§ **What to do**: Nothing should appear in the answer except the lines below from the line containing "Forces productives VS" through the line containing "Crewekerne Magna Expanded", copied exactly, with pictures left out.

§ **Records shown**:
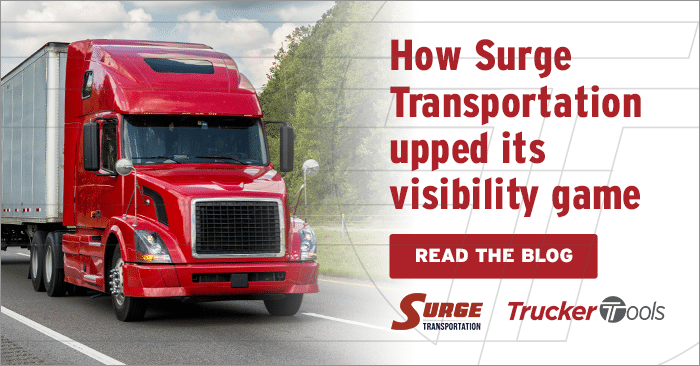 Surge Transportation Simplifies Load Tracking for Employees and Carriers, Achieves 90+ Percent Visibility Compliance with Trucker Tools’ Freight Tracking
==
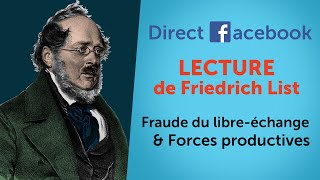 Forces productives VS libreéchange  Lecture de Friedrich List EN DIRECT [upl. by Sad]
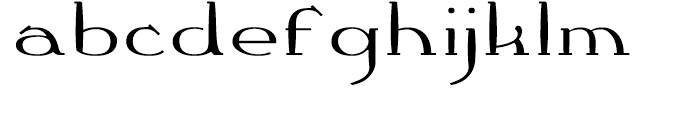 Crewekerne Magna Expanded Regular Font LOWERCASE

§ **Solution for this exercise**:
 Forces productives VS libreéchange  Lecture de Friedrich List EN DIRECT [upl. by Sad]
 Crewekerne Magna Expanded Regular Font LOWERCASE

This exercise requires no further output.